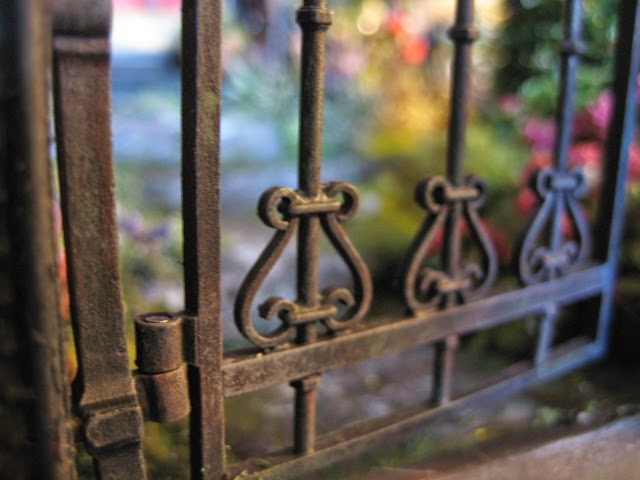 Studio E: "IN AN ENGLISH COUNTRY GARDEN"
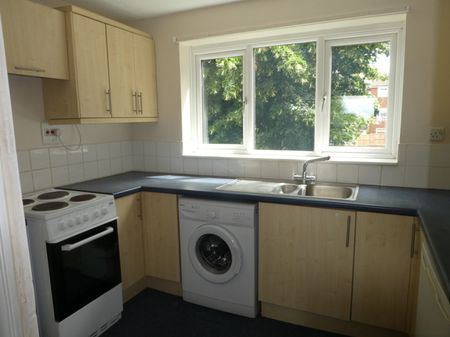 1 bedroom Flat - OSTERLEY CLOSE, STEVENAGE - Photo 4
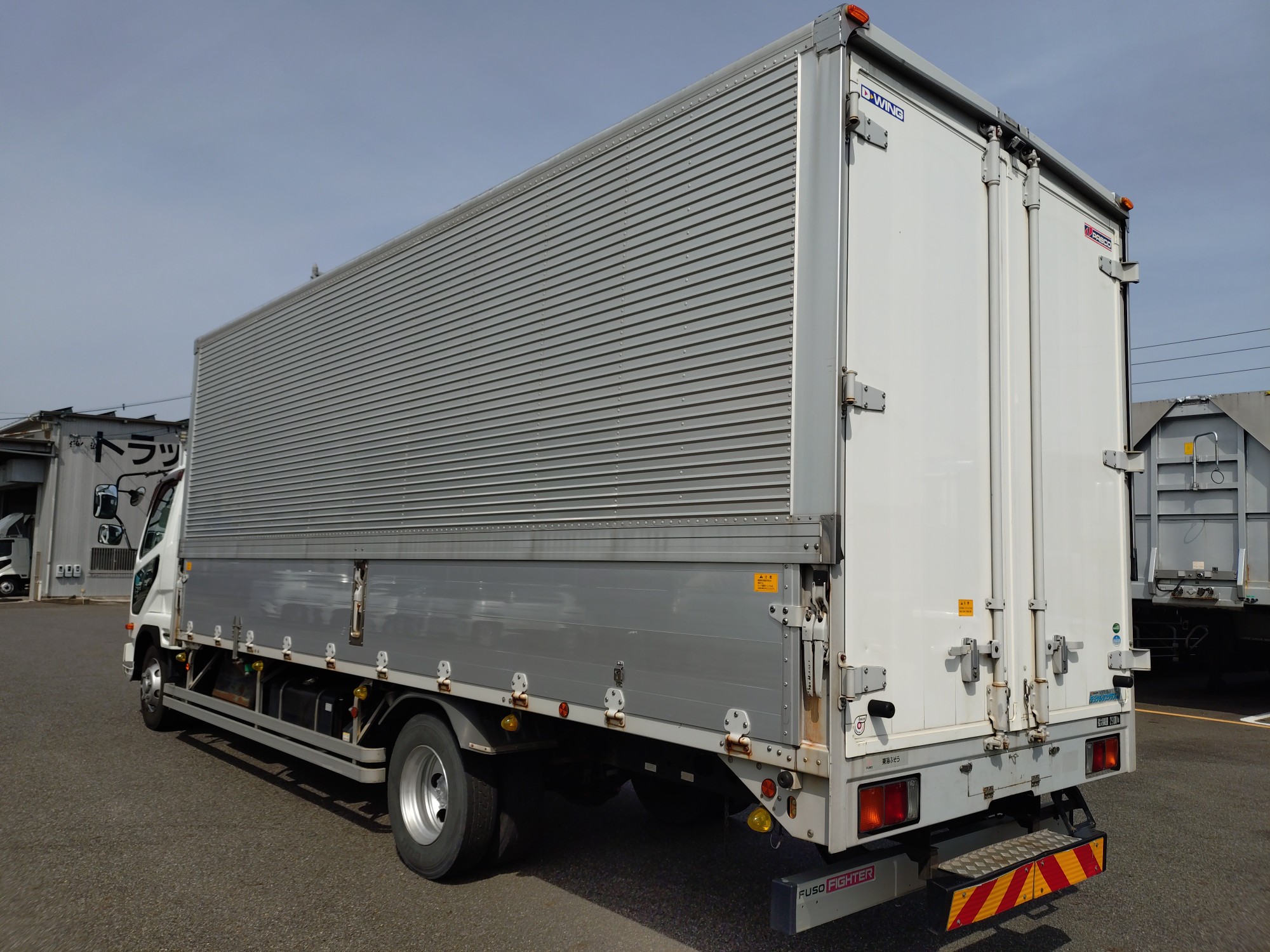 三菱　ウィング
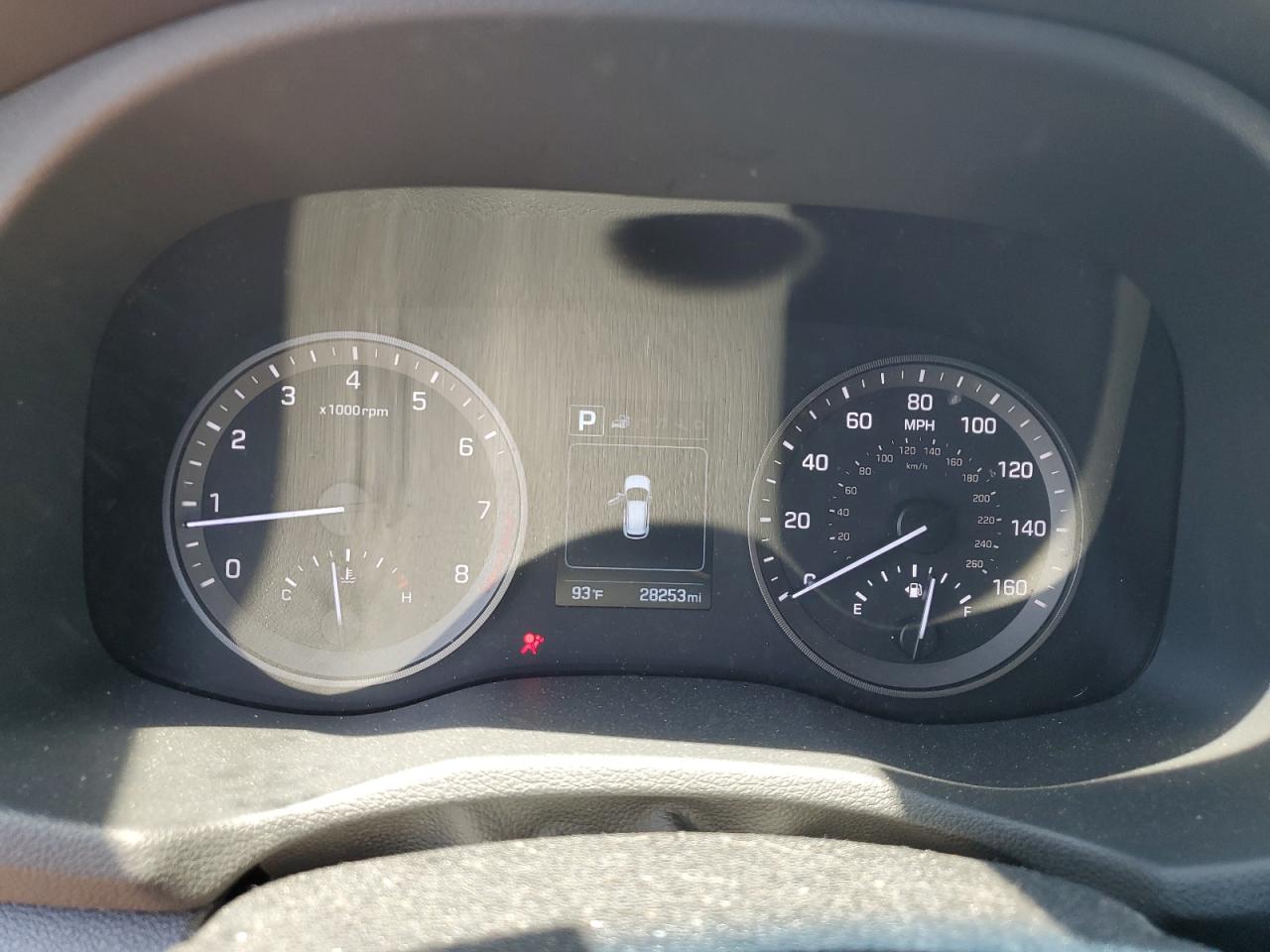 KM8J3CA2XJU829533 2018 Hyundai Tucson Value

##########

> What to do: Every line above should be returned word for word, with the pictures left behind.

> Task answer:
 Studio E: "IN AN ENGLISH COUNTRY GARDEN"
 1 bedroom Flat - OSTERLEY CLOSE, STEVENAGE - Photo 4
 三菱　ウィング
 KM8J3CA2XJU829533 2018 Hyundai Tucson Value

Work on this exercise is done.